WONS, van ouds ook Woldens geheeten, is een Dorp in Friesland, in het Westerkwartier, onder de Grietenij van Wonzeradeel, welke van dit Dorp haaren naam ontleend heeft: waarschijnlijk, om reden, meent men, dat in of liever een weinig ten Zuiden van dit Dorp, in overoude tijden, het regt, onder den blaauwen hemel plagt gehandhaafd te worden, op eene plaats, welke nog heden, bij den naam van Wonzerweerstal, of, zo als de Opgezeetene dezelve heden, bij verkorting noemen, de Weeren, bekend is. Wons ligt, ongeveer een half uur gaans ten Noorden van het Vlek Makkum, niet onvermaaklijk, aan den Rijdweg, welke van daar na de Steden Bolswerd, Franeker, en, gelijk men ’t noemt, binnen door, na Harlingen loopt. Het Dorp ligt op eene vrij aanmerkelijke hoogte, waarschijnlijk eene dier verhevenheden, hoedanige men, bij ouds, toen de Dijken in Friesland nog minder gemeen waren, in grooten getale plagt op te werpen, vooral op plaatzen, niet verre van de Zee gelegen, hoedanig het geval van Wons is, om daar door, tegen overstroomingen of hooge watervloeden zich eenigermaate te beveiligen.

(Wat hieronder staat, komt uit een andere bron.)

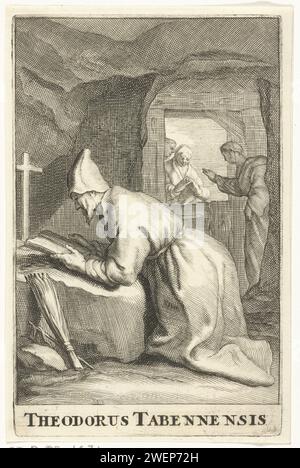 Saint Théodore van Tabennae, Frederick Bloemaert, d'après Abraham Bloemaert, après 1636 - c. 1670 impression Saint Théodore de Tabennae lit dans un livre, agenouillé pour une grande pierre sur laquelle est un crucifix. A la porte se trouvent deux femmes, la sœur et la mère de Théodore. Un moine leur dit que Théodore ne veut pas les recevoir. Ensuite, les deux vont aussi dans le monastère. Tirage à partir d'une série de 80 tirages et d'un tirage de titre avec des ermites du 2e au 6e siècle. Gravure sur papier de saints masculins (avec NOM). une personne priant. (vénération des) objets de dévotion. moine(s), frère(s) Banque D'Images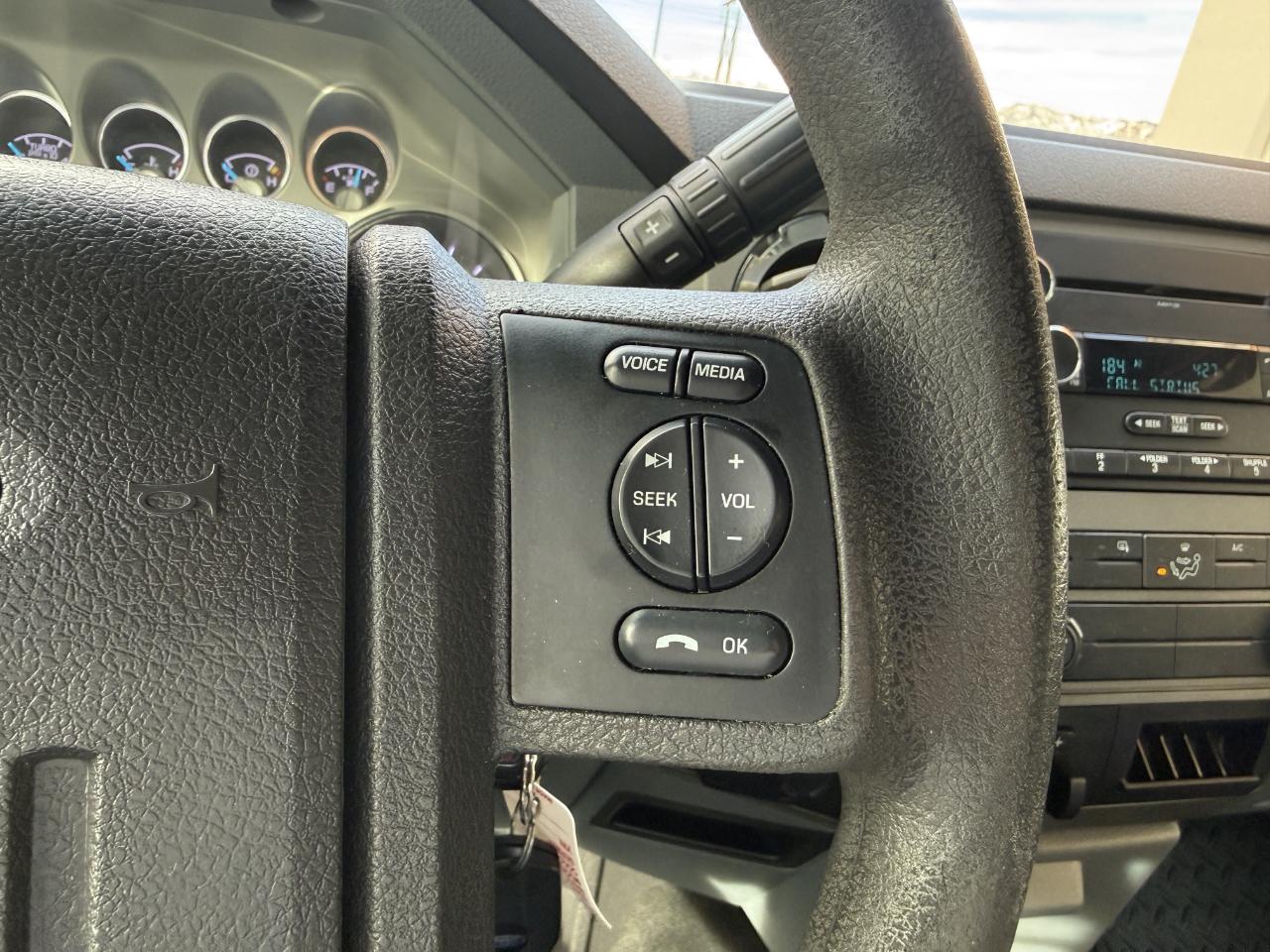 Ford Super Duty F-350 SRW 4WD Crew Cab 172" XLT 2012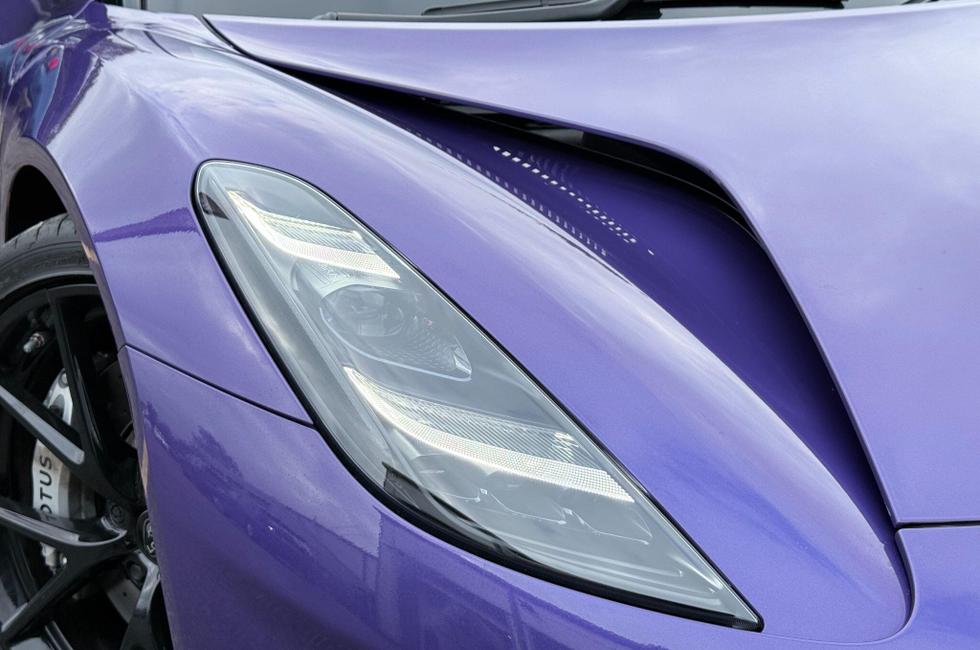 LOTUS Emira Photo at-79926b2f34d14926b29e6e43bcd14d39.jpg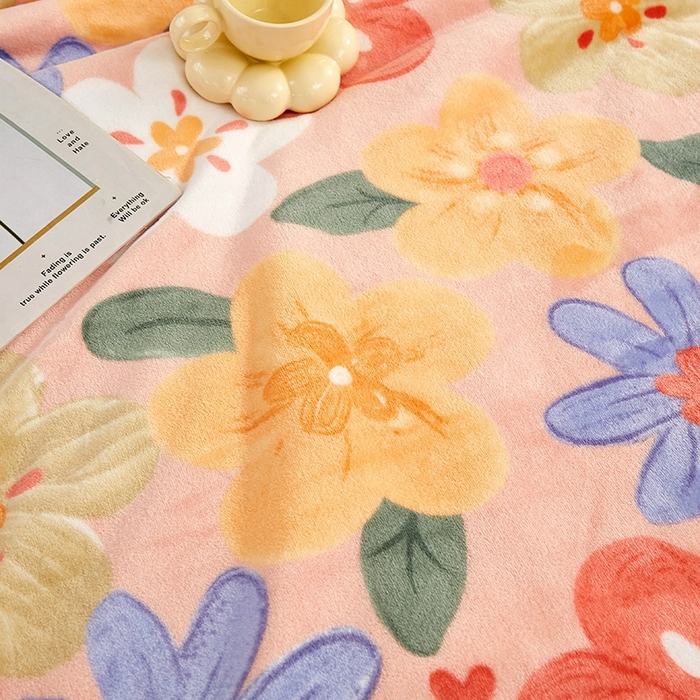 91家纺网 家纺一手货源 找家纺 悦织湾家纺 2025新款加厚云貂绒双面毛毯盖毯 缤纷花朵-粉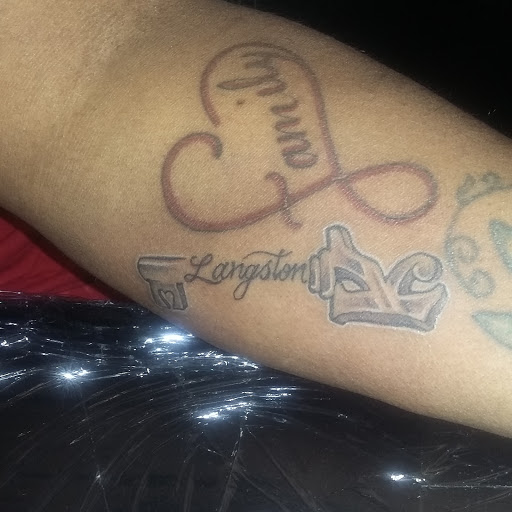 Tattoo Shop «hollywood ink», reviews and photos, 809 S Danny Thomas Blvd, Memphis, TN 38126, USA
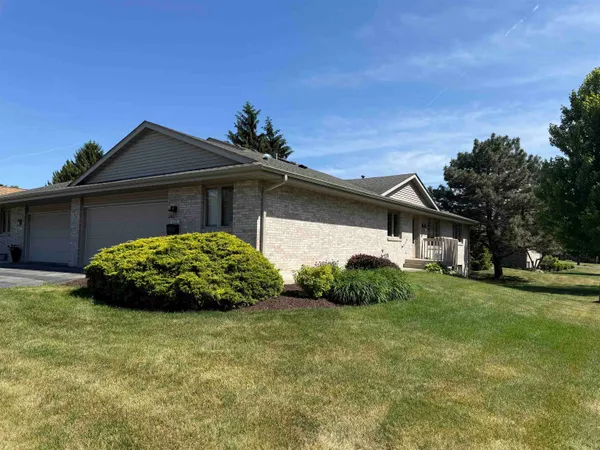 $265,000 | 6521 Laurelwood Drive, Rockford, IL 61108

Aan den Oostkant is deeze verhevenheid inzonderheid aanmerkelijk. Voor ’t overige is Wons een klein Dorp; nogthans draagt het, van wegen verscheiden kleine buurtjes, Gojem, Hajem, Hiddem, Doindwier, en anderen, daar onder behoorende, in de algemeene belangen der Grietenije, met eenëndertig Stemmen. De Kerk, hoewel klein, hebbende de gedaante van eenen Koepel, met een torentje voorzien, en staande op de grootste hoogte, maakt geene onaanzienlijke vertooning. De Predikant der Plaatze heeft, ten Westen van het gewijde Gestigt, eene niet onvermaaklijke wooning. Deeze verrigt tevens het heilige dienstwerk te Engwier, een klein Dorpje, een weinig, in het Zuidwesten, van daar gelegen. In 't Zuiden van dit Dorp ligt eene aanzienlijke Boerderij, zijnde eertijds geweest eene adelijke State.
Eindelijk merken wij nog aan, dat de Kerk van dit Dorpje, in de Roomsche tijden, eene Parochiekerk geweest is, van welke de Proost der Kerke van ST. JAN, te Utrecht, jaarlijks zestien Schilden trok.Zie SCHOTANUS, Beschr. van Friesland.